Driver distraction- the flip side, considers how phones can save lives, as well as take them.
But, first, some history. Back in 2003, when cellphones were in their infancy, Finnish researchers observed that mobile phone users communicated their location 70 percent of the time (e.g., “I am now at the train station”) compared to just 5 percent for landline users. Users no longer need to enunciate their location- a GPS does that. What users did not know back in 2003 was that cellphones would change mobility with their two-way capability.
In 2016 we continue to ride in conventional vehicles that resemble the ones on the road in 2003. But, how we travel in vehicles is quite different, thanks to the smartphone. The obvious change is that phones have enabled carshare services to flourish, like Uber and Lyft. But, telematics have also brought a quieter, but seismic change, to the average, solo car driver.
Lives Saved by Smartphones?
Most drivers know that they should not text, talk on phones, and drive but most seem to continue to do so. Smartphones “drive us to distraction” but they are also driving the market, faster than we realize, towards autonomous cars. A fully automated car would let passengers safely use their phones to talk, text, and do internet searches. There is a clamor to accelerate the timeline for autonomous cars as traffic fatalities from distracted driving increase.
The NHTSA publishes the data on traffic fatalities due to driver distraction, but we know less about lives saved by smartphones in cars. For example, while many accidents with distracted driving involve younger drivers, particularly the age group ages 20 to 29, we do not know if this age group still have more facility interacting with a car’s electronic devices than older people. In an intriguing article, Mental Floss posits that an earlier generation of drivers found the in-car radio to be a distraction, as people fumbled with knob controls and listened to the broadcasts. A1934 poll by the Auto Club of NY found that 56 percent deemed that the car radio to be a “dangerous distraction.” Over time, car radios became less problematic and, the key point is that either the radios or the drivers (or both) evolved so that drivers did not have to refocus so much their attention to use them.
Anticipating the Road Ahead
Until recently radios were vital in cars. They brought drivers news of the road conditions and traffic…usually “on the 5s or on the 8s” and of course, in a way that was not specific to the route you might be traveling on. Today, smartphones (and dashboards that have a built-in GPS) play a vital role in keeping drivers informed about road conditions. The also assist drivers in selecting routes, and avoiding congestion. Most significantly, they provide information so that drivers can anticipate their next turn, choose the best travel lane, and be alerted for stopped traffic. There are probably many traffic accidents avoided here….we just don’t know how to count them well.
Vehicle telematics have another “saving grace.” As drivers of electric cars know, haptic-type feedback helps drivers optimize their battery useage. Similar electronics can be used to improve driver skills. Smartphones have the capability to employ GPS, accelerometers and gyroscopes to sense if a driver is braking or accelerating sharply, traveling over or under the speed limit, or making jerky turns.
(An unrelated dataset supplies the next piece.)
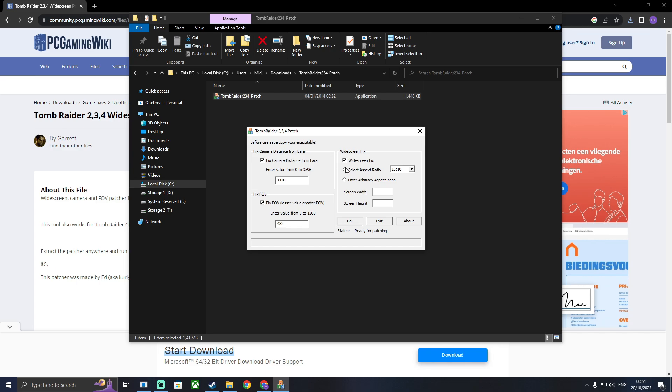Also, tick Widescreen Fix, Aspect Ratio and select the one that's correct to your screen. Mine's 16 by 9. And then type in your resolution. With me, it's 1920 by 1080.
To date, a few insurance companies have realized the potential of haptic feedback for drivers and offer driver discounts when the phone features are turned on and recorded. THe EverQuote’s Everdrive app — rates drivers on five factors: phone use, speeding, accelerating, cornering and braking. They claim a 31% improvement after using the app. There are many other examples of in-car monitoring and two-way tracking, and they appear to significantly modify how driver’s behavior. Again, There are probably many traffic accidents avoided here….we just don’t know how to count them.
To look at the flip, it is unlikely, if you rolled back to 2003, that people expected to be doing so much talking in their cars. But, it is even more surprising that the cars, in turn, are doing so much “talking” back to drivers! The car-radio teaches us that new hardware, at the outset, brings distraction. However, it also has the capacity to evolve and bring entirely new means to scan for safety, travel conditions, and hazards beyond the windshield.